Рубрук писал: «Женщины устраивают очень красивые повозки, которые я не могу описать вам иначе, как живописью… Они служат как бы комнатами, в которых живут девушки». А вот что писал в XIV в. Ибн Батута:. «В Дешт-и Кыпчаке каждая хатун их ездит в кибитке, на арбе, в которой находится навес из позолоченного серебра…»[902]. В эти повозки запрягались волы, лошади, верблюды. Как отмечал Плано Карпини, для перевозки некоторых из них «достаточно одного быка, для больших — три, четыре или даже больше, сообразно с величиной повозки, и куда бы они ни шли, на войну ли… они всегда перевозят их с собой». А во время военных столкновений эти повозки служили и средством защиты для кочевников.
Михаил Сириец на такой способ обороны обратил особое внимание при описании обычаев кыпчаков. Они «являются частью тюрок. Их язык тюркский… Всюду, куда они отправляются, они берут с собой своих женщин, детей, имущество. Они защищаются при помощи деревянных повозок, из которых создают стену вокруг лагеря». Более подробную тактику подобной обороны описывает Анна Комнина. «Они ставили свои телеги в круг, покрывали их бычьими шкурами, сажали на них своих жён и детей и отбивали приступы. Трудно было разбить телеги и проникнуть в середину этого оригинального укрепления. Когда неприятель решался их осаждать, они видоизменяли несколько способ защиты: раздвигали немного телеги и делали между ними извилистые проходы. Часть тюрков занимала телеги. Из проходов выносились неожиданно их отряды, нападали на неприятеля и снова скрывались внутри круга»[903].
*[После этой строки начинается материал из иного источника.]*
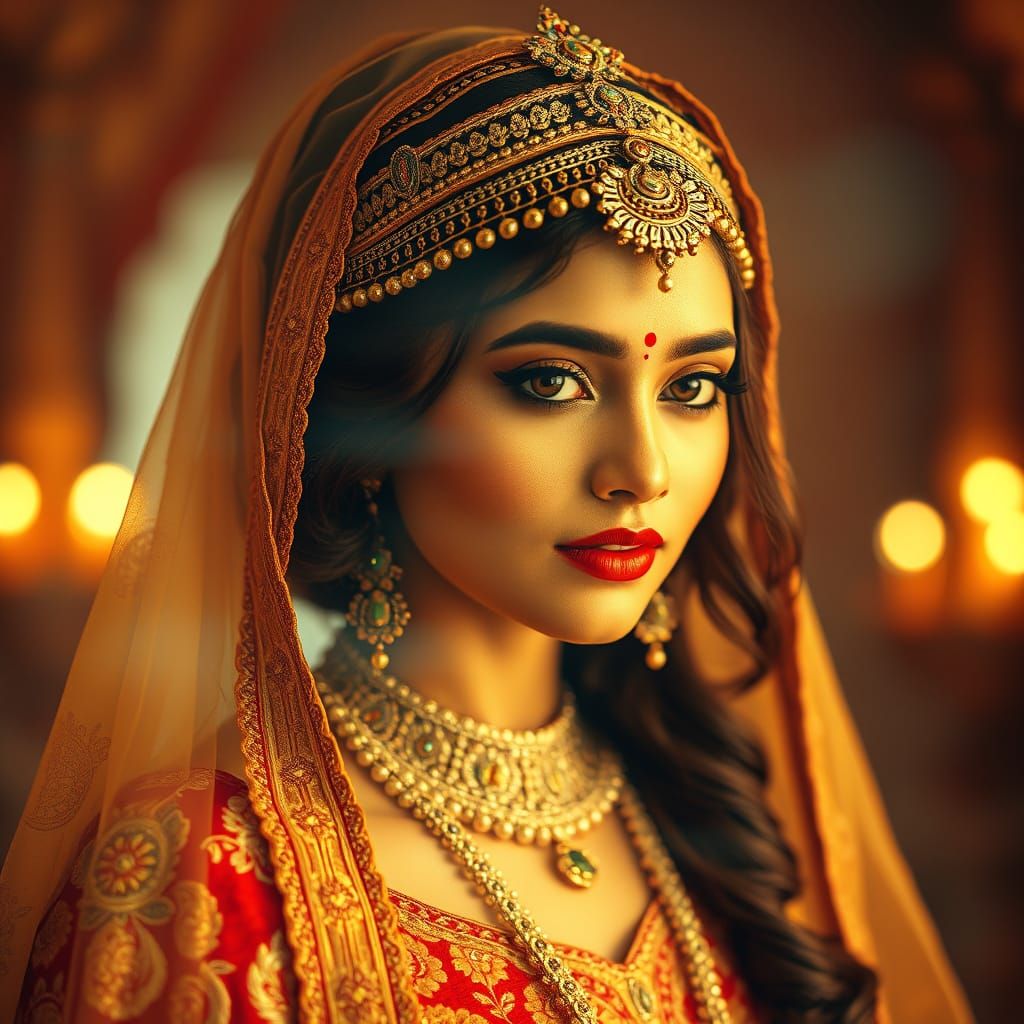 Ethereal Princess Portrait in Art Deco Style with Golden Hue...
Вместе с тем многие исследователи обращают внимание на значительные неудобства при передвижении в кибитках, поскольку любое естественное препятствие становилось для повозки непреодолимым. С другой стороны, наличие повозки, по-видимому, должно было свидетельствовать о значительной социальной дифференциации, ибо бедным и пауперизированным элементам было не под силу кочевать на повозке, а богатым и очень зажиточным — было экономически невыгодно передвигаться на повозке, скорее всего, ими пользовались в основном женщины, что и заметили Рубрук и Ибн Батута. Видимо, большая часть населения передвигалась, завьючивая предметы своего быта на лошадей и верблюдов, что позволило значительно интенсифицировать процесс кочевания, расширить сферу обитания, жизненное пространство.